La jeune fille avait du courage: elle marcha toute la nuit parmi les ombres affolantes, sans entendre les chiens (ou les engagés qui empruntent la forme des chiens, courent la campagne, volent, effrayent, s'amusent d'autrui), sans entendre le bruit multiplié de sa propre marche dans la splendeur noire, sans rien entendre qu'en son cœur un silence encore étonné, un silence qui avait pris corps et qui était maintenant l'âme sans âme de sa chair. C'était une fixité étrange dans la nuit..
Et ainsi le nœud était défait, le langage libéré. Il y eut un discours devant la mairie : tu avais trop couru, trop crié, tu étais trop emporté pour bien suivre le sens des mots.
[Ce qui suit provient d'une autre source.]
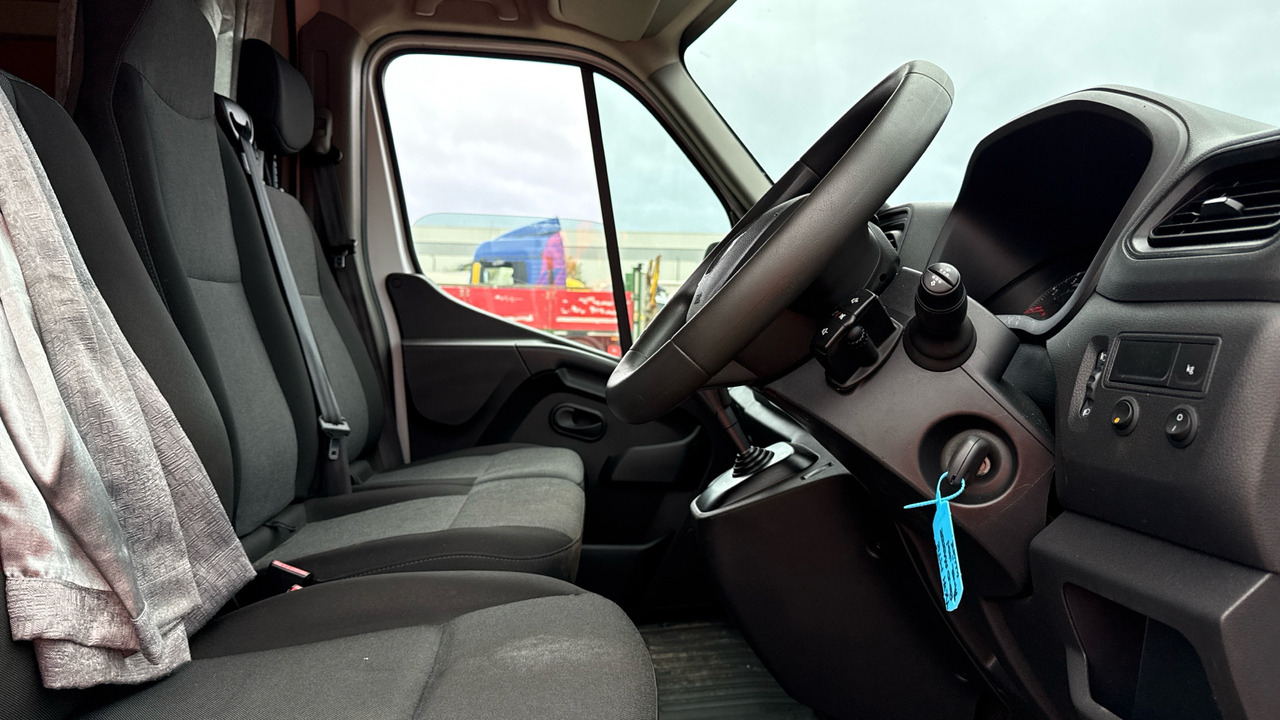 RENAULT MASTER 35 2.3 - Krovininis mikroautobusas: foto 5 RENAULT MASTER 35 2.3 - Krovininis mikroautobusas: foto 5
Les mots sont à la surface, ils témoignent pour le chant et la danse et le rythme éternels. Les mots sont nécessaires. Il faut les entendre. Mais il y a des moments où il n'est pas urgent de les écouter. Leur écho seulement, leur présence concrète seulement ; et ils réveillent le fond. Ils peuvent conclure : alors la conclusion n'est pas de logique froide, mais d'apaisement chaleureux.
Mais ceci n'est pas un conte. Car un homme peut toujours et partout sacrifier sa vie ou la risquer ; mais il n'y a nulle part ailleurs pour un homme une couleur comme celle-là sur toute la terre autour de lui répandue ; et tout homme est créé pour dire la vérité de sa terre, et il en est pour la dire avec les mots, il en est pour la dire avec du sang, et d'autres dans la vraie grandeur (qui est de vivre avec la terre, patiemment, et de la conquérir comme une amante) ; et si un homme raconte un peu de sa terre (s'il essaie, et peut-être va-t-il tomber contre un haut mur flamboyant où toute parole se consume ?), on ne peut pas dire que c'est là un conte, non, même si cet homme parle de rêves imprécis qui, peu à peu, s'arrangent avec le réel sombre ; tout de même que si un homme dit qu'il a vu des récoltes fleurir dans le sol, on ne peut dire que c'est un conte : pour la raison que la terre parle à chacun, comme un oreiller à l'oreille qui est dessus ; et si un homme dit qu'il a vu ceci ou cela, nul ne peut le contredire, à la condition que ceci ou cela soit dans la terre, enfoncé au plus profond de son entraille, comme un rêve qui est le miroir du fond de la terre, un rêve avec des racines en vrille dans la terre, et non pas un rêve en fumée, même pas né de la torche du dernier flambeau.
Et l'enfant que j'étais et l'homme que je suis ont ceci en commun : de confondre le conte et l'histoire ; c'est parce que les flambeaux n'ont pas encore fini de brûler, que le cercle de la nuit est encore là, autour de la voix ! Mais déjà des lueurs ont paru sur les Pitons, et il semble qu'un autre matin donnera poids au rêve, saluera la terre noire, profonde, connue ! Et ainsi les oeuvres seront réconciliées...
Alors, loin dans la perspective de l'allée prisonnière, Thaël vit grandir un point, une silhouette, une flamme, la jeune fille à la maison de feu. Et ils allaient avec rigueur à la rencontre l'un de l'autre, sans rien qui puisse les séparer : sous la garde des cannes, et dans le ciel plat. Il vit venir vers lui, du fond du délire vert, Valérie. Elle riait déjà, le voyant hésiter ; mais elle marchait au beau milieu du sentier, si bien qu'il ne pourrait ni à droite ni à gauche passer sans l'effleurer au moins. Puis elle s'arrêta : on n'entendait que les cannes, le vent dans leurs feuilles, les pointes sèches qui craquaient sous le soleil. Elle s'arrêta, droite immensément ; et il sut que c'était elle - (Mathieu. Mathieu !) Mais elle riait encore, et sur tout le délire, sur la prison de bruits, sur les flèches des cannes mûres, sur la récolte future et sur le vent chaud, il y avait cette splendeur nouvelle, sans pitié ni faiblesse, brûlante et pure pour eux seuls.